South Australians live at the end of the long Murray River system and spend a lot of time fearing someone upstream will steal their water.
As far back as federation, South Australians sought to have their perceived rights to the Murray's water enshrined nationally, and now national agreements do specify how NSW and Victoria service South Australia's water entitlement.
During the Howard Government years, Cabinet Ministers from South Australia were quick to scuttle any proposal not suiting their water agenda. For example, consider when the Commonwealth Standing Committee on Agriculture, Forestry and Fisheries handed down an interim report in March 2004. It stated that the scientific evidence did not support various claims for more environmental flow for South Australia and Alexander Downer, then Foreign Minister, quickly quashed the report's findings.

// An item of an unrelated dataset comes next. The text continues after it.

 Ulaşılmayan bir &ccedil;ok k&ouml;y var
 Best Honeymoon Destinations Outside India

The new Rudd government appointed a South Australian Senator, Penny Wong, to the newly-created portfolio of Federal Water Minister, and it has only got better for South Australia when the new Senate was installed last week.
New Green's Senator Sarah Hanson-Young, vowed to "put the Murray River at the top of Canberra's agenda". She is supported by Senator Nick Xenophon, who launched his campaign for the Senate in front of the giraffe enclosure at the Adelaide Zoo, explaining he had decided to run for federal politics so he could stick his neck out for South Australia.

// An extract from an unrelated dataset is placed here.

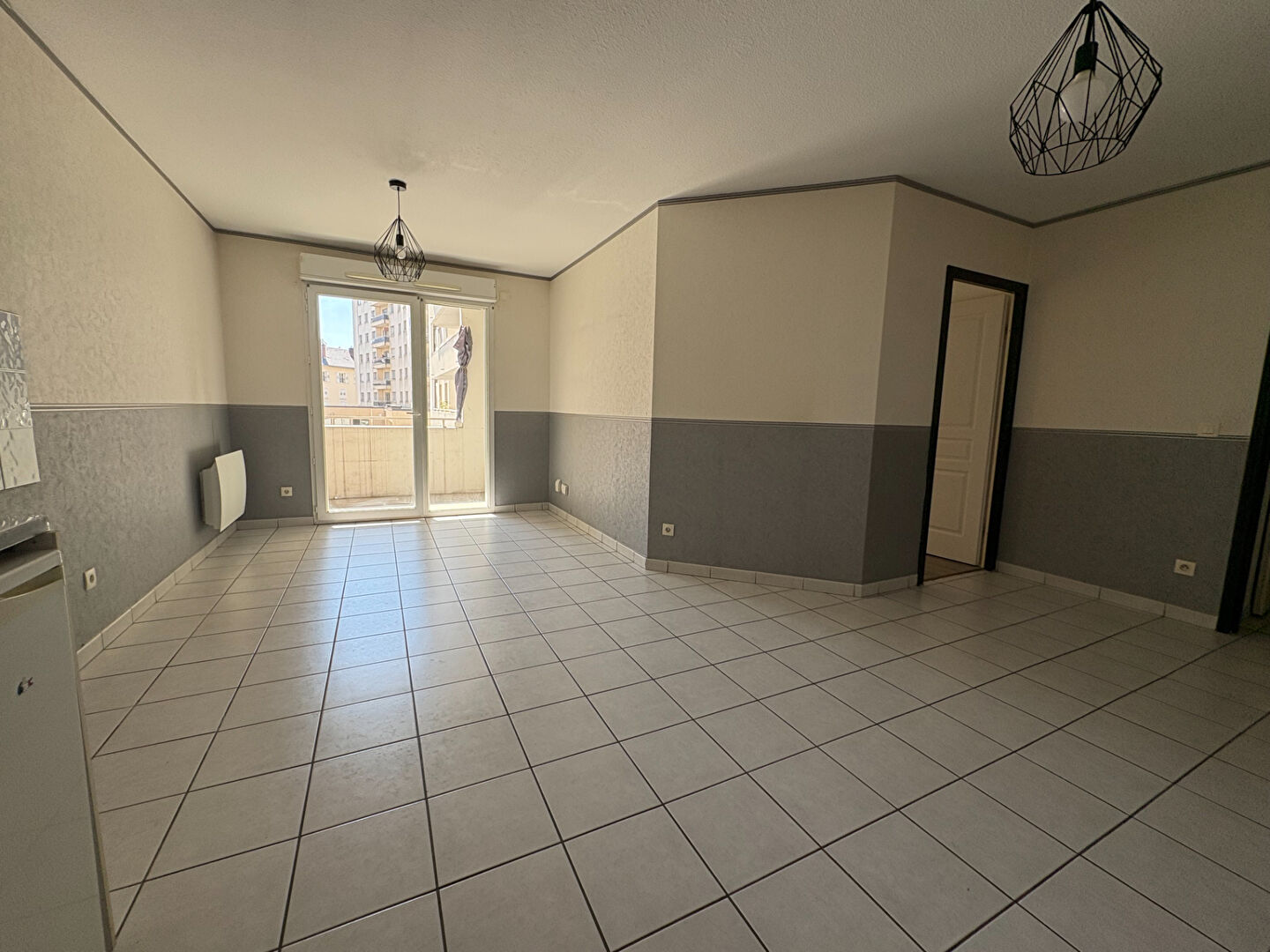 vente appartement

He'd nominated water as an issue he wanted to "fight on".
Not surprisingly, during the first week of Senate, last week, an emergency Senate inquiry was established to audit water availability, with calls to transfer water from upstream to South Australia, and compulsory acquisitions from upstream for their lakes.
The demands are really quite extraordinary given the protracted drought.

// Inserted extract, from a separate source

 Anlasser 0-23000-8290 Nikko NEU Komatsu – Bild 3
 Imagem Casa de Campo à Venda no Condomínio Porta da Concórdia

Adelaide could actually become independent of the Murray by moving to waste water recycling and desalination.
The lower lakes could also be "saved" by simply opening the barrages and letting the area flood with seawater.
This would solve the developing environmental problem with acid sulphate soils but create problems for the communities who rely on the lakes as a source of freshwater.
Perhaps for this reason, because of local politics, this obvious environmental solution of opening the barrages continues to be avoided.